En tête d'un arrêté des officiers municipaux de Saumur du 12 pluviose an III, A.M.S., 5 D 1

 

 

Chapitre 23 :

 Les structures nouvelles ( 1789-1792 )

 

 

 L'Assemblée Nationale Constituante réorganise de fond en comble le pays à une cadence stupéfiante. Sur l'espace de quelques années, les structures locales, administratives, religieuses, militaires et économiques sont complètement transformées.
   

1) La constitution de la commune

Dossier 1 :  Le territoire municipal

Dossier 2 :  Analyse critique du recensement ( chap. 18 )

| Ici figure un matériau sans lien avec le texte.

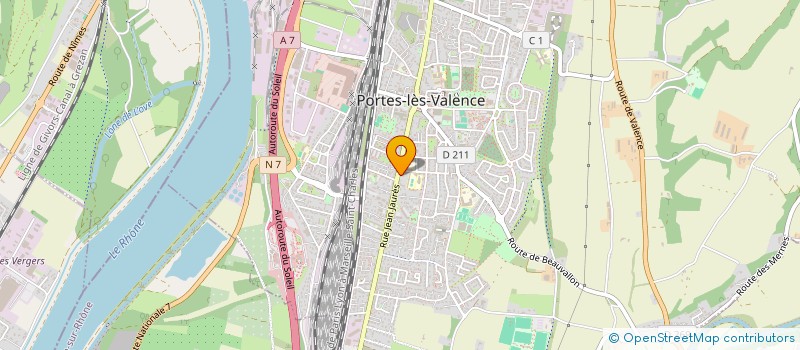 localisation de l'entreprise LE FOURNIL PORTOIS  PORTES-LES-VALENCE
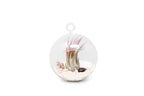 Set of 3 Beachy Globe Terrariums with White Sand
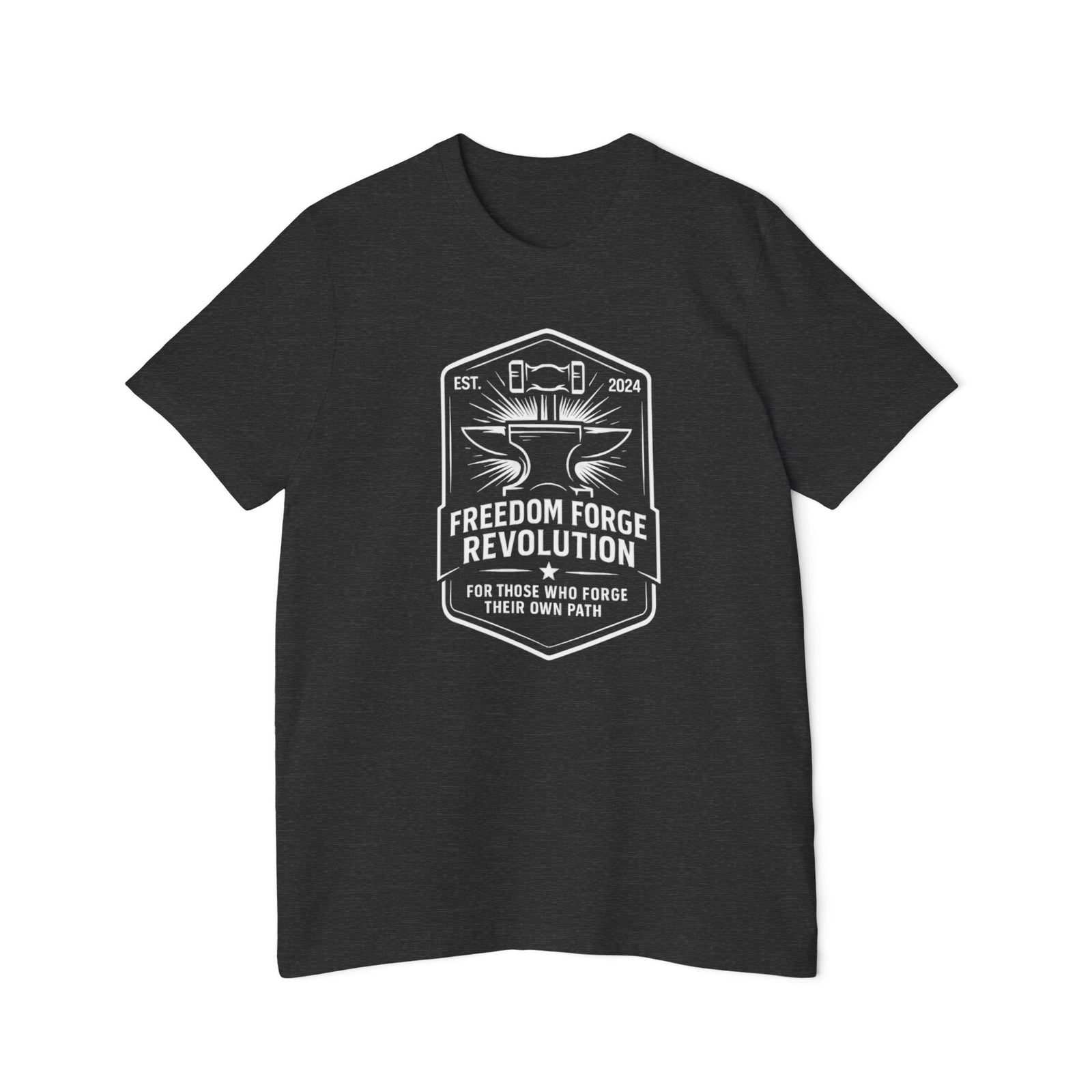American Made Hammer and Anvil Variant - Unisex T-Shirt/ Freedom Forge Revolution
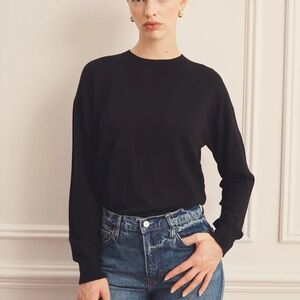 NAADAM Super Fine Cashmere Crewneck Sweater Black Size Small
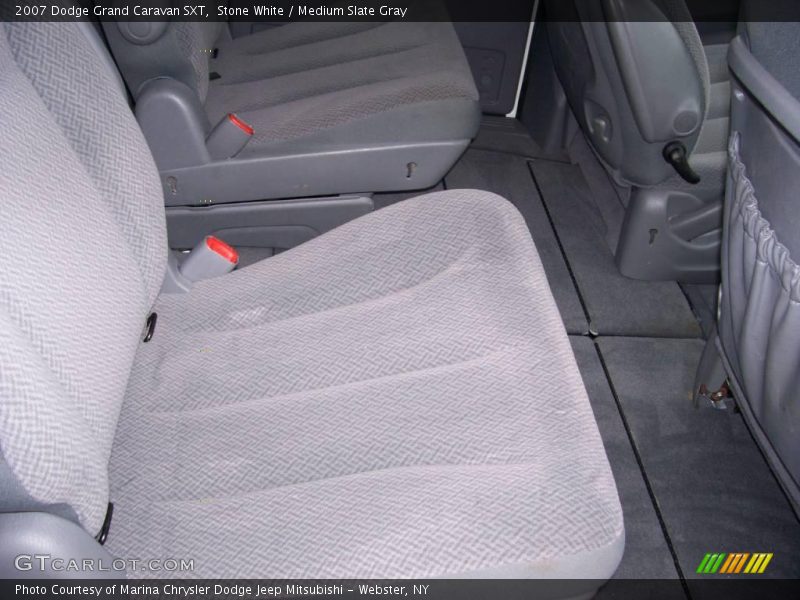 Stone White / Medium Slate Gray 2007 Dodge Grand Caravan SXT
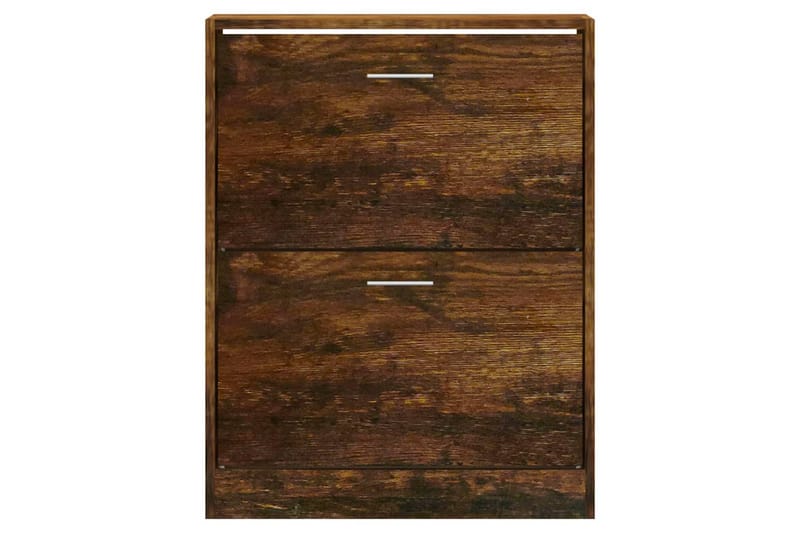 beBasic Skoställ rökfärgad ek 63x24x81 cm konstruerat trä - Förvaring - Sko- & klädförvaring - Skoförvaring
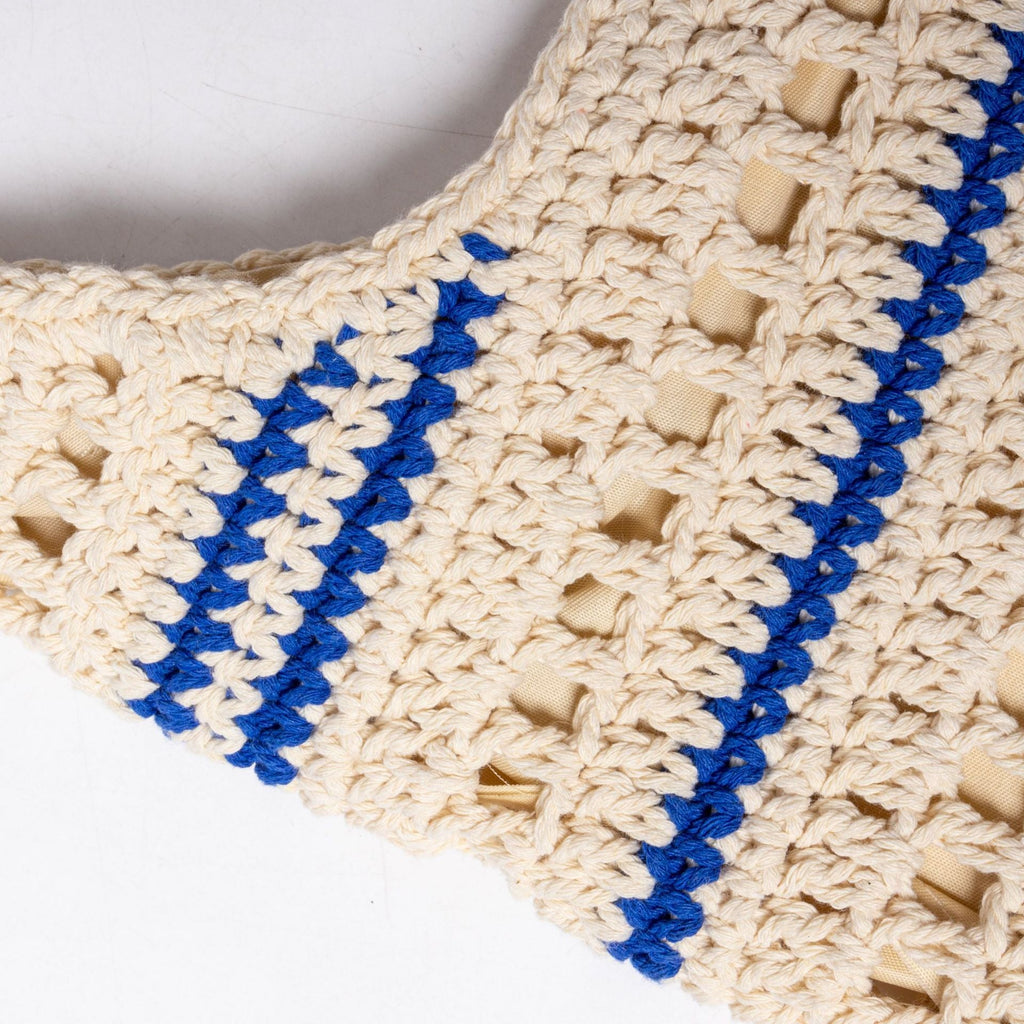 Siopsrl | Macrame Beach Bag with Modern Structural Details Siopsrl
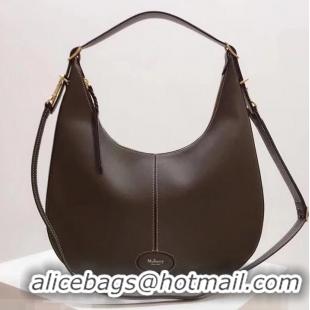 Duplicate Mulberry Small Selby Silky Calf Hobo HH51135 Dark Grey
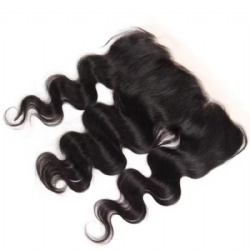 13x4 Transparent Lace Frontal Closure Free Part Body Wave Virgin Hair Ear to Ear Frontal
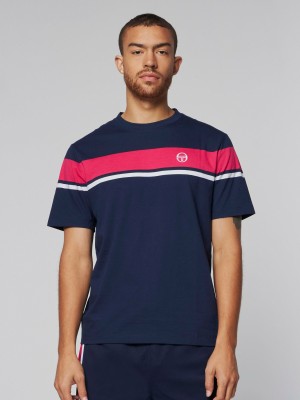 Sergio Tacchini Damarindo T-shirts Herren Blau | HXLI41763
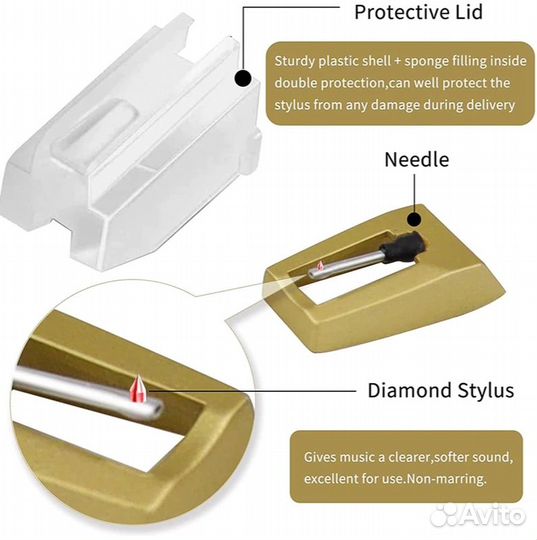 Картридж улучшенный с алмазной иглой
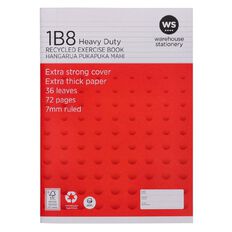 WS Exercise Book 1B8 7mm Ruled 36 Leaf Heavy Duty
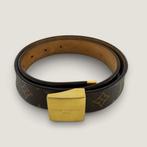 Louis Vuitton monogram riem, Louis Vuitton, Ophalen of Verzenden, Bruin, 80 tot 90 cm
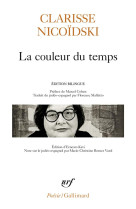 COULEUR DU TEMPS (LA) - NICOIDSKI CLARISSE - GALLIMARD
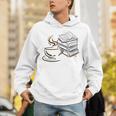 Coffee And Books Lover Bookworm Reading Library Fan Unisex Hoodie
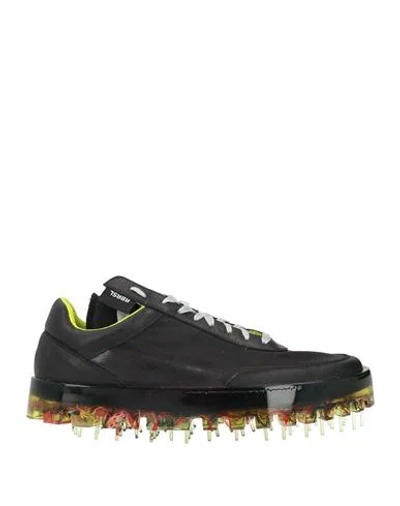 Rbrsl Rubber Soul Man Sneakers Black Size 10 Leather, Textile Fibers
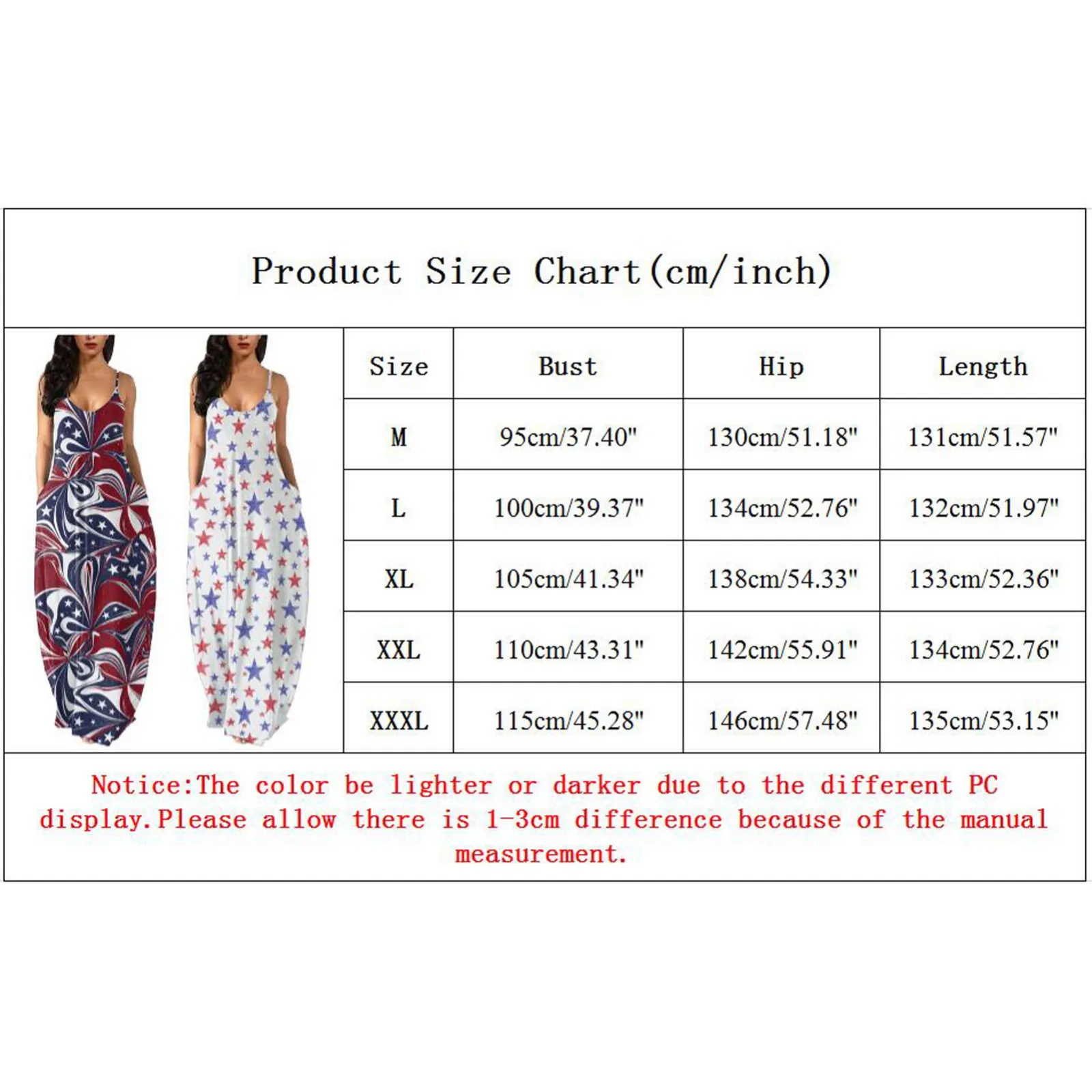 

Women Sleeveless Plus Size Dresses Star Print Sling Dress Maxi Dress Casual Sundress Long Loose Summer Beach Dress R5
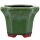 Bonsai pot 8x8x6.5cm light-green other shape glaced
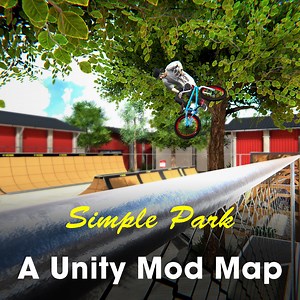 Simple Park : A Unity mod map for BMX Street Pipe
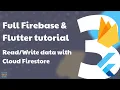 Full Flutter Firebase Tutorial PART3 Read Write data with Cloud Firestore
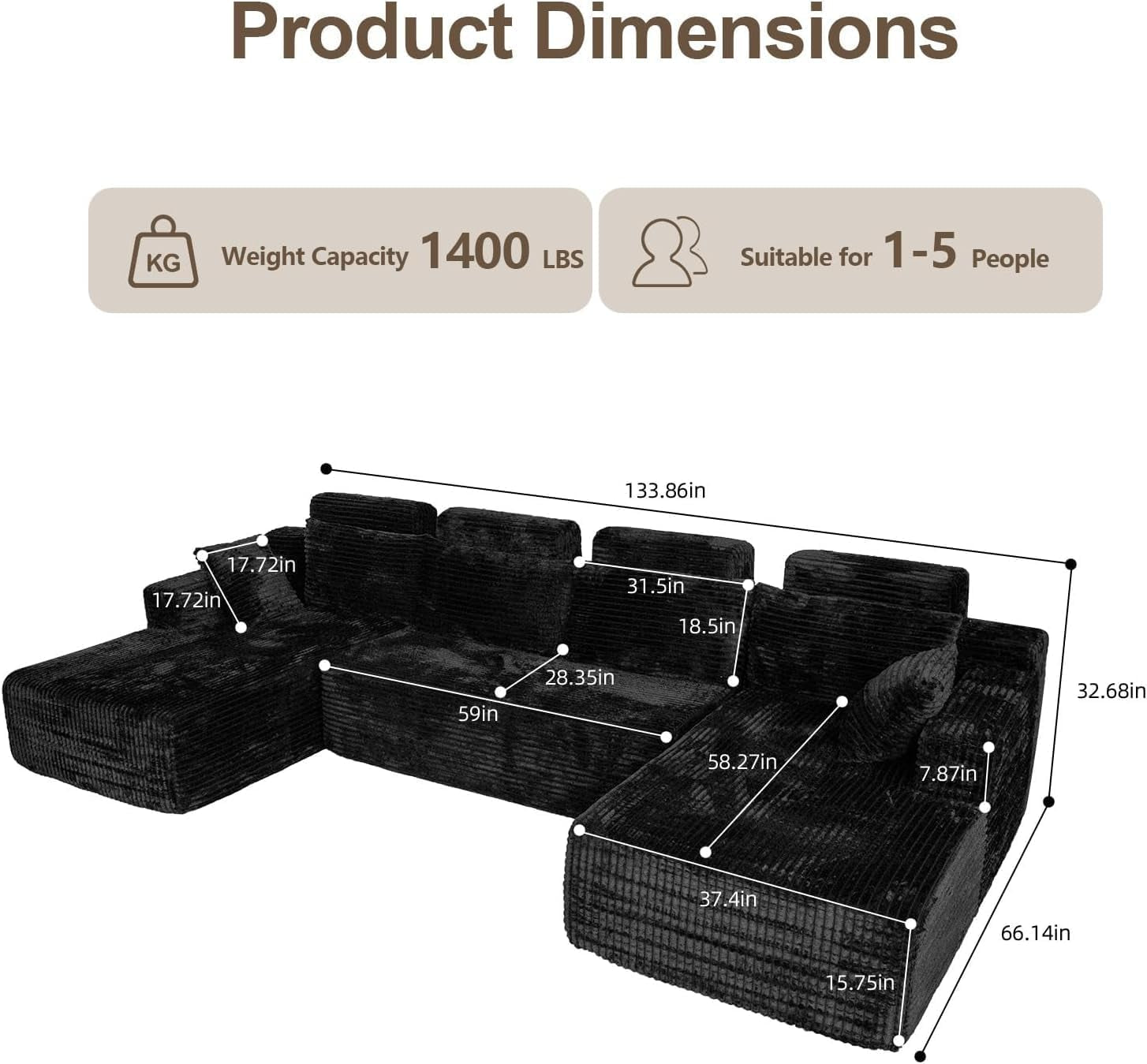 134-boneless-couches-for-living-room-modular-sectional-sofa-u-shaped-oversized-deep-seat-high-back-corduroy-no-assembly-modern-cloud-big-comfy-floor-couches-black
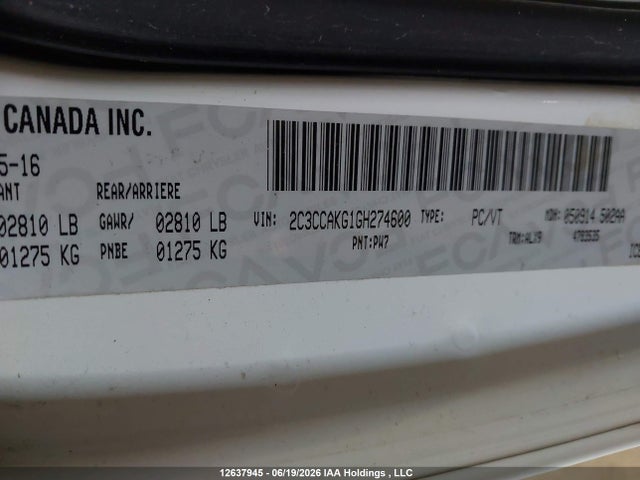 Chrysler 300C 2016 2C3CCAKG1GH274600 Image 9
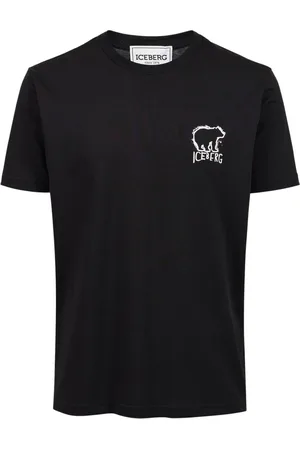 Iceberg Top, Herre, Sort, XL, Bomuld, Slim Fit Bomulds T-shirt med Bjørneprint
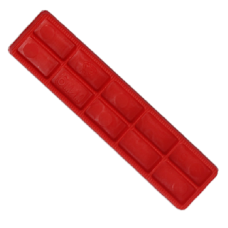 ALDRIDGE Flat Glazing Packers 100mm Length x 28mm Width (1000 PACK) 6mm Depth - Red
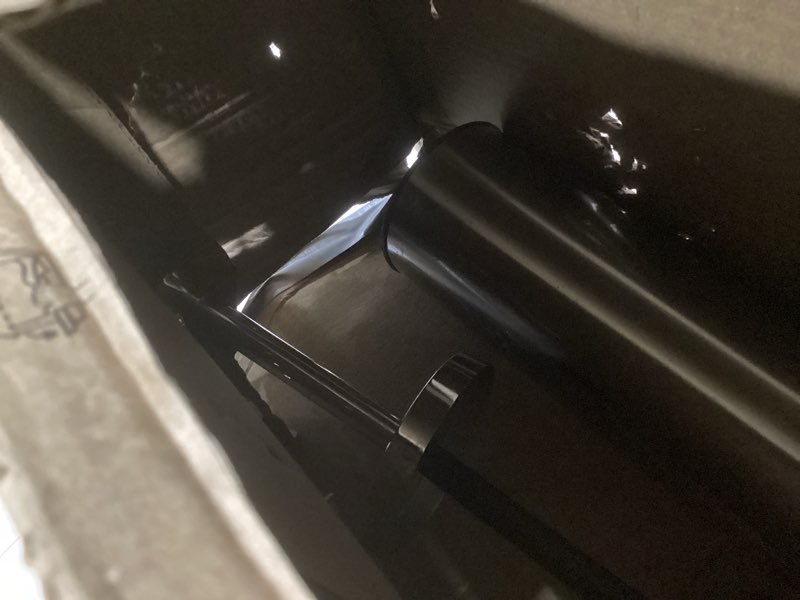 Condition photo showing New/Like New for Brushed Nickel Toilet Brush and Holder Set, 304 Stainless Steel Toilet Brush for Bathroom, Heavy Duty Toilet Bowl Brush with Holder, Removable Inner Bowl and Splash Protection, Long Handle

  A l'ancienne structure, partiellement paroissiale, partiellement municipale, succède la commune, dont les limites sont agrandies par l'annexion des faubourgs de la Croix Verte et de l'Ile Neuve, puis du Petit Puy. A quelques détails près, ce sont les limites du Saumur actuel ( dossier 1 ).

 A la suite du recensement de février 1790 et de ses accroissements, la commune se proclame forte de 11 831 habitants. Malgré son intérêt, ce dénombrement est faussé par des doubles comptes et par quelques manipulations. Je ramènerais ce total aux environs de 11 400 personnes.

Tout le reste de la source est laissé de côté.